I2C –Uses two wires to connect many devices, like a group chat.
SPI –Fast way to connect a few devices, using more wires.
Wi-Fi –Wireless way to connect to the internet or local network.
Bluetooth –Wireless way to connect nearby devices.
These methods allow devices to share sensor data, send commands, or control other devices, which is very useful in projects like smart homes, robots, and IoT.
Group Assignment
Individual Assignment
Group Assignment
Dr. Sujit and I collaborated on the Fab Academy Week 11 group assignment, focusing on networking and communication. Our work revolved around exploring how devices interact and share information effectively. We delved into the principles behind connecting hardware components, such as microcontrollers and sensors, using protocols like I2C, SPI, and UART. Additionally, we examined the role of wireless communication technologies, including Wi-Fi and Bluetooth, in enabling seamless data exchange.

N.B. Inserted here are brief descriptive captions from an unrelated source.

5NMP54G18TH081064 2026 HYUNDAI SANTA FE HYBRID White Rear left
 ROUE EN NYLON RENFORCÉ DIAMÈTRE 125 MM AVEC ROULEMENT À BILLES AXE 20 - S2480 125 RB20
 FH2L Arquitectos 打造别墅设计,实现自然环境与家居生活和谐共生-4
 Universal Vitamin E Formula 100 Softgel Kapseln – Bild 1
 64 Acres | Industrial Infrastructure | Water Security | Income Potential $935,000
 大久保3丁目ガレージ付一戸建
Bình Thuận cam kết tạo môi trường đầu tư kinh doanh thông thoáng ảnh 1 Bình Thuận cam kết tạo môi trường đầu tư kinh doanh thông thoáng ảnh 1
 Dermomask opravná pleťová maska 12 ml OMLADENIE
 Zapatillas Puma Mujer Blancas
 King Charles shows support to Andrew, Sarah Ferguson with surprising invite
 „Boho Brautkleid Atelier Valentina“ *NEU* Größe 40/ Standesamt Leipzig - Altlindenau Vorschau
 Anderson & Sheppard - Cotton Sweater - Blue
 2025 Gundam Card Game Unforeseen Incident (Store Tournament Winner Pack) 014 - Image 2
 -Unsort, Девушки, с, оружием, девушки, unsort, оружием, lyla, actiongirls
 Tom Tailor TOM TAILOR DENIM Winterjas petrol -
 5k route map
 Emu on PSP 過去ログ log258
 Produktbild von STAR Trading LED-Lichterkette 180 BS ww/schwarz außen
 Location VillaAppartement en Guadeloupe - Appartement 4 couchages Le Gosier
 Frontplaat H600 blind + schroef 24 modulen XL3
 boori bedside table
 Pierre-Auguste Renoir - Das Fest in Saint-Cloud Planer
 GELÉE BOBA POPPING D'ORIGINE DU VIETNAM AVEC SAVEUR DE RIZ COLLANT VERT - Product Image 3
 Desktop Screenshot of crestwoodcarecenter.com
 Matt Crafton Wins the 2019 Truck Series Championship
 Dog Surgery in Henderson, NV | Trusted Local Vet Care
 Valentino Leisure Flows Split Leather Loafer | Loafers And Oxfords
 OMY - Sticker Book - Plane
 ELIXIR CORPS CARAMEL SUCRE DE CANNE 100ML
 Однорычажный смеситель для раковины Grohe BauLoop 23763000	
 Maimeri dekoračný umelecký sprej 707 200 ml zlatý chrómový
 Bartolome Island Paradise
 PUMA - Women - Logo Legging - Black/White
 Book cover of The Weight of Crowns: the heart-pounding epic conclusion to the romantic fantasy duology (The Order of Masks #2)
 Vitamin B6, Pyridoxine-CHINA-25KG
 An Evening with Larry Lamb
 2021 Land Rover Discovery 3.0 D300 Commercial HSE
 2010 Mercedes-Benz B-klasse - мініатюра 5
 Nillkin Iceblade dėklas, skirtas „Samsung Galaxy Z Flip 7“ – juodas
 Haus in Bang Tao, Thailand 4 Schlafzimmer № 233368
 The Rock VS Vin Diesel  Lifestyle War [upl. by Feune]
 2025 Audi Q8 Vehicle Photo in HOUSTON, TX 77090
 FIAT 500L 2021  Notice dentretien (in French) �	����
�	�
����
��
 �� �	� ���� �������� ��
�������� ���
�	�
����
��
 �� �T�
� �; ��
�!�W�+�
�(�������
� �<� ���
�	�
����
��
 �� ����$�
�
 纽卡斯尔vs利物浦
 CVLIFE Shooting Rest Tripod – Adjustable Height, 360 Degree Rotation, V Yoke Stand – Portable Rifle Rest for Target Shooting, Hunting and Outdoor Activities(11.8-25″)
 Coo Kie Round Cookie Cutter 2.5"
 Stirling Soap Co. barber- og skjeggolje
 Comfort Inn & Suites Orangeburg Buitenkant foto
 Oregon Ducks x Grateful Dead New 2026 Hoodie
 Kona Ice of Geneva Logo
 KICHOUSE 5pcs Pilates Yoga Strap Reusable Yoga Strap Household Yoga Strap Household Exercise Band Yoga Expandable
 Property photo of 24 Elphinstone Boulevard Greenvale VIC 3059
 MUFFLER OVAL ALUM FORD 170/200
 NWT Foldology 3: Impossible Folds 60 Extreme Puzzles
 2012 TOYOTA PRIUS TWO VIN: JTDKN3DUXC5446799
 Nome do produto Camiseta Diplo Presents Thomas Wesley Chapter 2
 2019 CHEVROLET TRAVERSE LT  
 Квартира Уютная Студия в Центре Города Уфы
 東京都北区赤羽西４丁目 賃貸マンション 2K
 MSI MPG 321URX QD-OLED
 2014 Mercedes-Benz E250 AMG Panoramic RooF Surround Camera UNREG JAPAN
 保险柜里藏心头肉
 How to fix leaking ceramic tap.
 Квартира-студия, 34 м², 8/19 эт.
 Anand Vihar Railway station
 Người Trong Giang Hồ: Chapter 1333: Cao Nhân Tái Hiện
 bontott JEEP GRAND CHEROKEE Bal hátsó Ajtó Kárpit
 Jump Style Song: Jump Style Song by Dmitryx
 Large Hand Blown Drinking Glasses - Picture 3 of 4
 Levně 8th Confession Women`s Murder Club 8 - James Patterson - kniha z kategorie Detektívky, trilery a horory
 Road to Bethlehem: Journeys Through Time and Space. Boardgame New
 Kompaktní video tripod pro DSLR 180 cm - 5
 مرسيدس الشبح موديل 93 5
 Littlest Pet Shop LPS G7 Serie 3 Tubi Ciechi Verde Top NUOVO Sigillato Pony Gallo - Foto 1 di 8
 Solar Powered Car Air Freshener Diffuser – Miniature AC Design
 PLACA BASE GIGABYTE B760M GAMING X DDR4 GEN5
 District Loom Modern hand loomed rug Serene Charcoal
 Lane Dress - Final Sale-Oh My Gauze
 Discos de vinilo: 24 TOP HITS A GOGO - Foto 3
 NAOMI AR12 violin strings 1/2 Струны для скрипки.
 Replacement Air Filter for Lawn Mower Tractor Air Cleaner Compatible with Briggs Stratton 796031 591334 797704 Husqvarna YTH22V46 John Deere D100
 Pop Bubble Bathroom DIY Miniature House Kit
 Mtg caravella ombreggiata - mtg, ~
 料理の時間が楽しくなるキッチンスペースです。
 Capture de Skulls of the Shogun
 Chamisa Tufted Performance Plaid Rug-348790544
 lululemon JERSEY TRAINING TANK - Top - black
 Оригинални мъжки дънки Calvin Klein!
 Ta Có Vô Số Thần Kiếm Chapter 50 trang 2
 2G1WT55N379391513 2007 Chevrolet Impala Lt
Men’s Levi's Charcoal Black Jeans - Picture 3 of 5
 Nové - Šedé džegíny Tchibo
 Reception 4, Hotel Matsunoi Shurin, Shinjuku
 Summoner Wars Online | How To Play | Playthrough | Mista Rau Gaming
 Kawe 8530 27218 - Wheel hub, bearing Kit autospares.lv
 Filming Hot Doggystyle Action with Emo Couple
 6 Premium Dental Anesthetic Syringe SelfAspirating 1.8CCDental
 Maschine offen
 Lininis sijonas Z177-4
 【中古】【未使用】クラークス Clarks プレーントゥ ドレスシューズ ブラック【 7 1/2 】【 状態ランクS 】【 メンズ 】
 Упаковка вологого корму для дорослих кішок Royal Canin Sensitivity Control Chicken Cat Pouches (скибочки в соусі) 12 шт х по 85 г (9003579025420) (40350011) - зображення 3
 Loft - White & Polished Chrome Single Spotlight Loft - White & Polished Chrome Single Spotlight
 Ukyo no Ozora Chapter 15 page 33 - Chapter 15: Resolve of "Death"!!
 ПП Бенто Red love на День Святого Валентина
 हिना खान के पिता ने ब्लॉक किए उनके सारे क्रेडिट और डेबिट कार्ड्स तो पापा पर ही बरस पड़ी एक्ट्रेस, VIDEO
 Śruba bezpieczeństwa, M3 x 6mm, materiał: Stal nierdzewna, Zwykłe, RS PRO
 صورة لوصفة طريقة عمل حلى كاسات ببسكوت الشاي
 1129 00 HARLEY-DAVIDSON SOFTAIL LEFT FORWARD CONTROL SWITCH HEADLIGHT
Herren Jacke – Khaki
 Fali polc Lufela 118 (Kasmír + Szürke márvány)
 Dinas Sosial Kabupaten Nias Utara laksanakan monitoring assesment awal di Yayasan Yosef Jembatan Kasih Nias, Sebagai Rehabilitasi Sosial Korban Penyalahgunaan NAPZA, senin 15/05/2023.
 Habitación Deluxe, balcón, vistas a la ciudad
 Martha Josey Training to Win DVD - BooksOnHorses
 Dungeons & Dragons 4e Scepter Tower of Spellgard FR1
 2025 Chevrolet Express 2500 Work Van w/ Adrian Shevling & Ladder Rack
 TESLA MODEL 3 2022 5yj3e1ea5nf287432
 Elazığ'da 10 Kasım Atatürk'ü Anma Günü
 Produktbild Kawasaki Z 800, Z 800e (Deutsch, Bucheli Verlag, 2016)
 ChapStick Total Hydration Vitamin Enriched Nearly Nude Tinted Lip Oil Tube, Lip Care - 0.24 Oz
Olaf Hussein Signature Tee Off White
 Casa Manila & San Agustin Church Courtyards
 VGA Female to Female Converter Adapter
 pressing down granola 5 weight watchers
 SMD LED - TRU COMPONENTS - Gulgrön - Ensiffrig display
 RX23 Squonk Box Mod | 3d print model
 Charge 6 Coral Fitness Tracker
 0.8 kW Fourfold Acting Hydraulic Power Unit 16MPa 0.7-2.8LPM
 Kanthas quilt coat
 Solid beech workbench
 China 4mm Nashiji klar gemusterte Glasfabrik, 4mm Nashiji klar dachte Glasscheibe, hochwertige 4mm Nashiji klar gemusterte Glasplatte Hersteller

>Together, we applied these concepts to practical tasks, such as creating setups where multiple devices communicate to achieve specific goals. This assignment not only strengthened our technical skills but also enhanced our understanding of how networking forms the backbone of modern technology.
The group assignment is linked here
Individual Assignment
In this assignment, I worked on designing, building, and connecting nodes using both wired and wireless communication methods. The goal was to set up a system where multiple devices could communicate effectively, each with unique network or bus addresses, and interact with local input or output devices.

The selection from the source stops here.